What you will do:
Starting at the first line of the listing below, repeat each line exactly until the line containing "If you're seeing", which you include. Leave out pictures.

Records for the exercise:
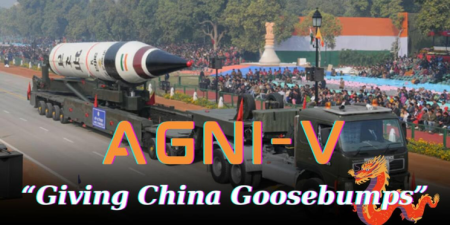 India Firestarter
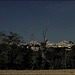 Blick auf Perugia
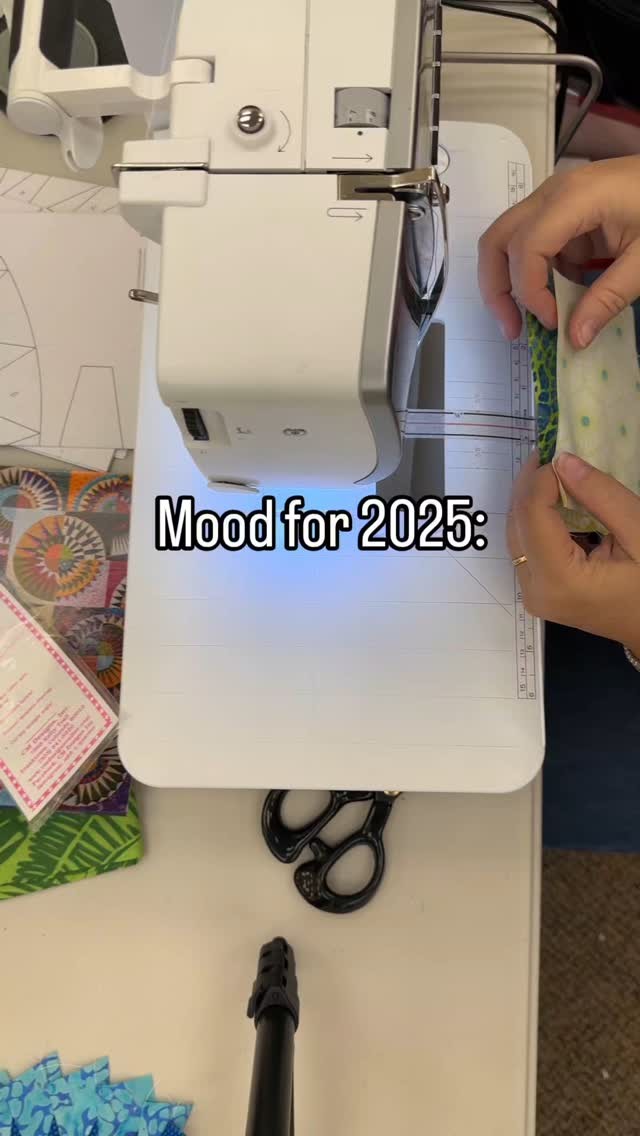 If you're seeing this, turn off social media and go turn on your sewing machine! We need to bring back more crafting, more creativity, more downtime. It's about time the quilting, crafting, and creative making hobbies of the world make a resurgence don't you think?
#longarmquilting #utahquilter #katiesquiltingco #craftingideas #craftinginspiration #hobbiesareimportant #creativehobbies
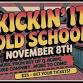 Kickin'  it Old School - Crispy Days and Glory event image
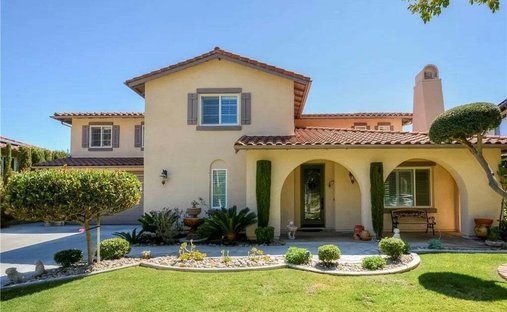 Casa en Murrieta, California, Estados Unidos 1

Exercise answer:
 India Firestarter
 Blick auf Perugia
 If you're seeing this, turn off social media and go turn on your sewing machine! We need to bring back more crafting, more creativity, more downtime. It's about time the quilting, crafting, and creative making hobbies of the world make a resurgence don't you think?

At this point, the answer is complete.